How to Read Tea Leaves: A hands-on Guide for Semantic Validation of Text Models using Oolong

📍 Online-only event

📆 May 05, 2021, 13:45-15:15

Abstract

The growing supply of unstructured text is a great chance, but also a challenge for social science. In many instances we want to classify, scale or compare text for which no prelabeled data is available. In this case, unsupervised learning techniques such as topic models or the use of dictionaries promise the automated analysis of text with little or no human input. But these models are notoriously difficult to evaluate.
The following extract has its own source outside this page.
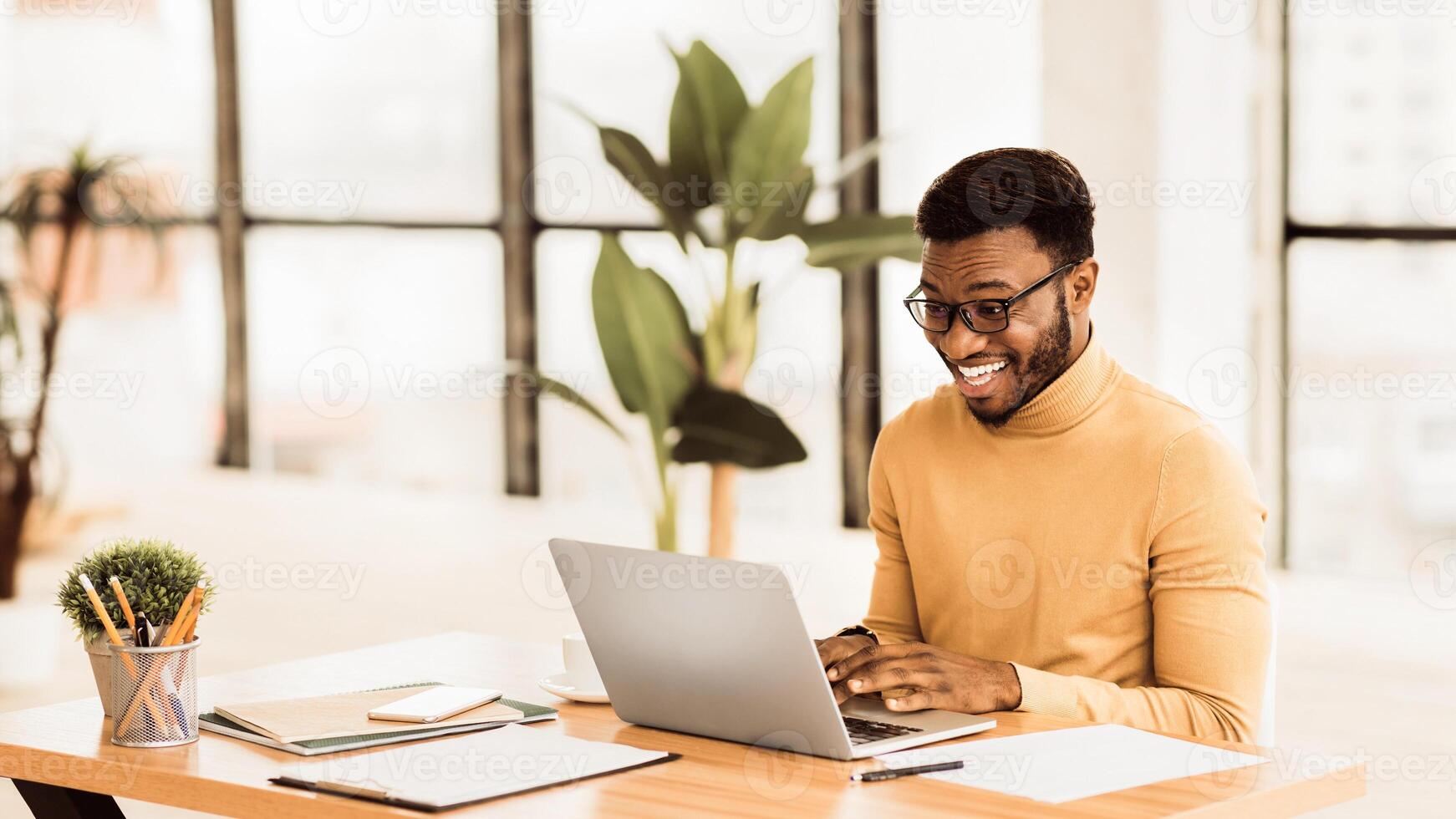 Excited Guy. Happy black man in glasses working on laptop to get all his business done early in the morning, panorama photo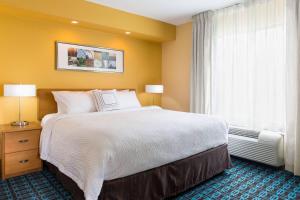 a hotel room with a large bed and a window at Fairfield Inn and Suites Valparaiso in Valparaiso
While the validation of statistical properties of topics models is well established, the substantive meaning of categories uncovered is often less clear and their interpretation reliant on "intuition" or "eyeballing". Computer science scholars rather call it "reading tea leaves". The story for dictionary-based methods is not better. Researchers usually assume these dictionaries have built-in validity and use them directly in their research. Oolong provides a set of tools to objectively judge substantive interpretability to applied users in disciplines such as political science and communication science. It allows standardized content based testing of topic models as well as dictionary-based methods with clear numeric indicators of semantic validity. This session is a hand-on guide on how to create and administer your own tests.

Presenter

Marius Sältzer is a doctoral researcher in political science at the University of Mannheim. His research revolves around the dimensions of political conflict, e.g., the questions what issues matter for the public, political parties and their constituencies. To answer these questions, he studies political communication of legislators, parties and other key political actors, with a special emphasis on political elites' use of social media.